Monthly Archives: October 2019

Children’s Literature & Ecology panel at ‘Extinctions & Rebellions’ Symposium

Just in time for the start of Extinction Rebellion’s Autumn Rebellion, our panel on Children’s Literature and Ecology has been accepted for the “Extinctions and Rebellions” Symposium at the University of Liverpool on the 16th of November.

The panel will fathom the multi-faceted role of Children’s and Young Adult Literature in addressing, digesting and communicating climate crisis across a range of periods and texts.

I will be presenting a paper entitled ‘Of Moths, Chimney-Sweepers and Silent Springs’, in which I will engage with how narrative forms for, or associated with, children have been used to articulate aspects of climate crisis and biodiversity loss, focusing on the example of insects, from the Victorian age to today.
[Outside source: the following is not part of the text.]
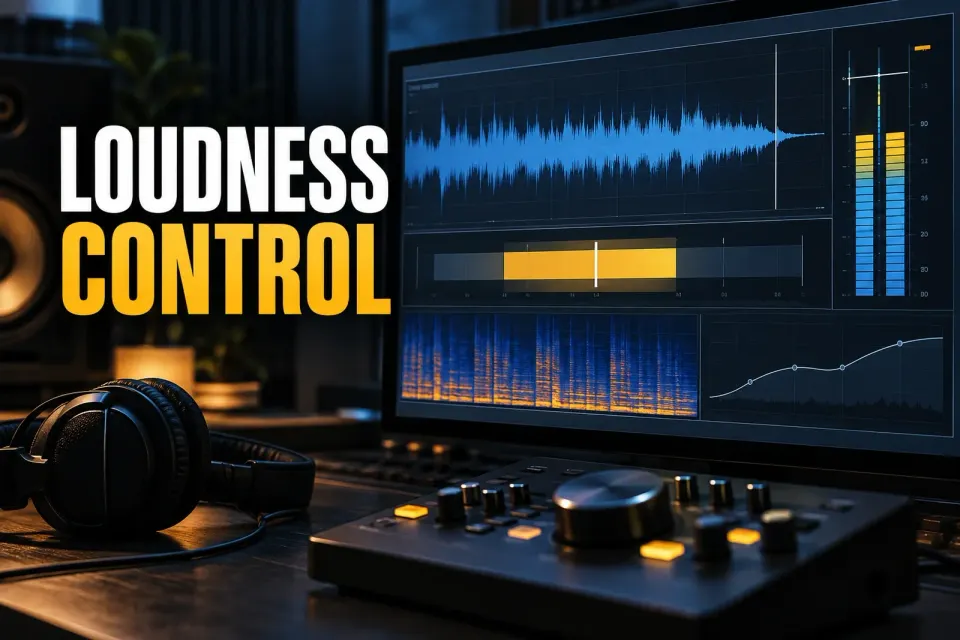 iZotope RX 12 Loudness Control workflow with LUFS target range, true-peak ceiling and final waveform metering.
Framing this through Environmental Psychology, I will then examine their effectiveness in changing individual and social outlooks on crisis, but also their shortcomings, to show how we can harness their techniques in communicating better in our current moment of crisis.

I will speak alongside Dr Emily Alder (Edinburgh Napier) and Dr Chloe Buckley (Manchester Metropolitan), who will explore ‘Environmental crisis and children’s picture books’ and ‘Weird Ecologies, Precarity and Care in Young Adult Fiction’ respectively. We will be representing part of the ongoing work of the Edinburgh Napier-based Children’s Literature and Science research group.